Trillions: a new history of the rise and rise of passive investment

There are plenty of academic papers and specialist investment books setting out the theory behind passive investment, and innumerable articles scattered across the business press telling the story of the rise of index fund giants like Vanguard and BlackRock.

But Trillions, by Financial Times journalist Robin Wigglesworth, pulls the strands together into a coherent narrative, offering both an accessible history of how index funds evolved and thoughtful reflections on their increasingly significant implications for the global economy and the financial security of ordinary people, whether regular investors or pension holders.

On first acquaintance the concept seems rather underwhelming. A passive fund is a basket of stocks that simply tracks an index, such as a stock exchange or a market sector, rather than trying to outperform it. But the hard evidence is that over the longer term, perhaps five years, and certainly a decade, index funds secure higher returns than actively managed funds, and for significantly lower fees, making them ideal holdings for both institutional investors like pension funds, and private shareholders seeking reliable returns without having to take a chance on the selection of individual stocks. Wigglesworth estimates that since their stuttering introduction in the 1970s index funds have accumulated holdings worth more than $25 trillion.

The Chicago School

The book opens with a story that has come to encapsulate the case for passive investment, the 2007 wager between legendary investor Warren Buffet and hedge fund manager Ted Seides pitting the 10 year performance of a cheap S&P 500 tracker against that of a fund compiled of five top hedge funds. The result was emphatic, Buffet’s chosen tracker, the Vanguard 500 Index Fund available to any retail investor, returning 125.8% over the period against 36.3% for the fund-of-hedge-funds.
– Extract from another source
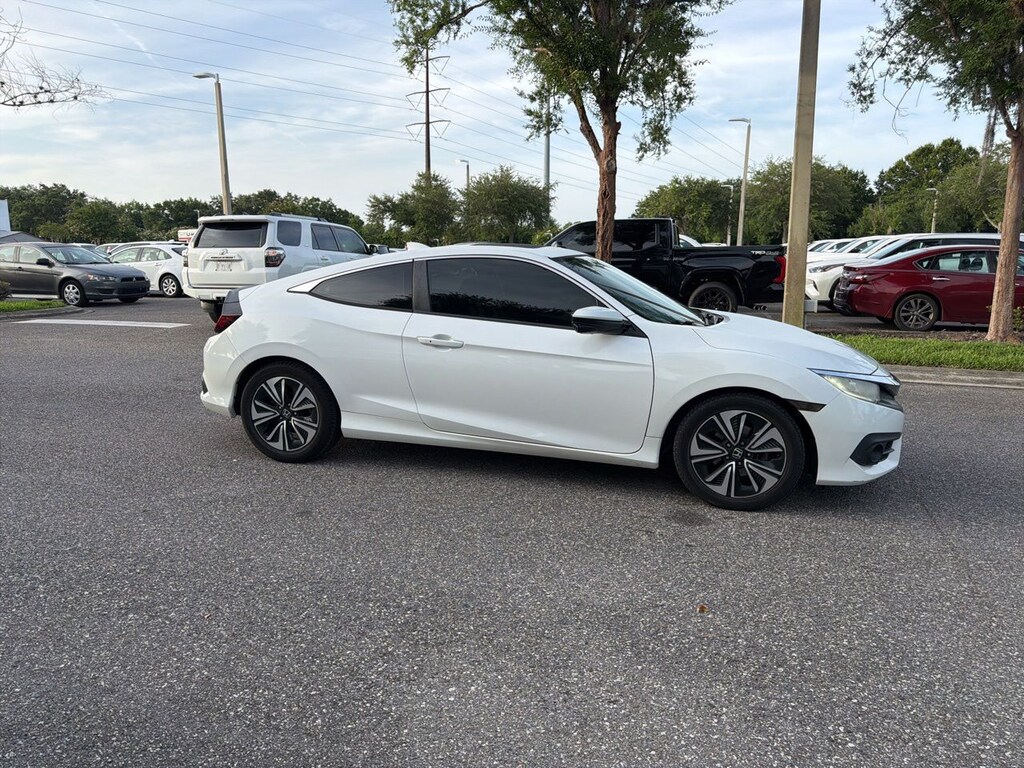 Used 2017 Honda Civic EX-T Coupe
The margin was all the more remarkable for the fact that the decade encompassed the financial crash and its aftermath, turbulent conditions in which hedge funds, able to both buy and sell stocks under the oversight of the industry’s self-styled elite, should have been at an advantage against a humble tracker obliged to go with the flow of the market.

The first two-thirds of the book offer a fast paced history of the intellectual genesis of passive investment theory and the subsequent struggle of its early converts within the finance industry, who Wigglesworth considers ‘some of the most consequential if under-appreciated disruptors of the modern era’, to develop the technologies and methodologies necessary to implement the first index funds, and, more challenging still, to overcome the stubborn hostility of their professional peers and initial indifference of both institutional and private investors.

Passive investment theory evolved through the 1950s and 60s as economists and far-sighted industry insiders attempted to establish systematic principles for the process of stock selection. Although Benjamin Graham had begun elaborating a rigorous intellectual framework for value investing before the war, for the most part investment was seen as something of a dark art practised by star fund managers believed to have preternatural insight into the stocks most likely to rise.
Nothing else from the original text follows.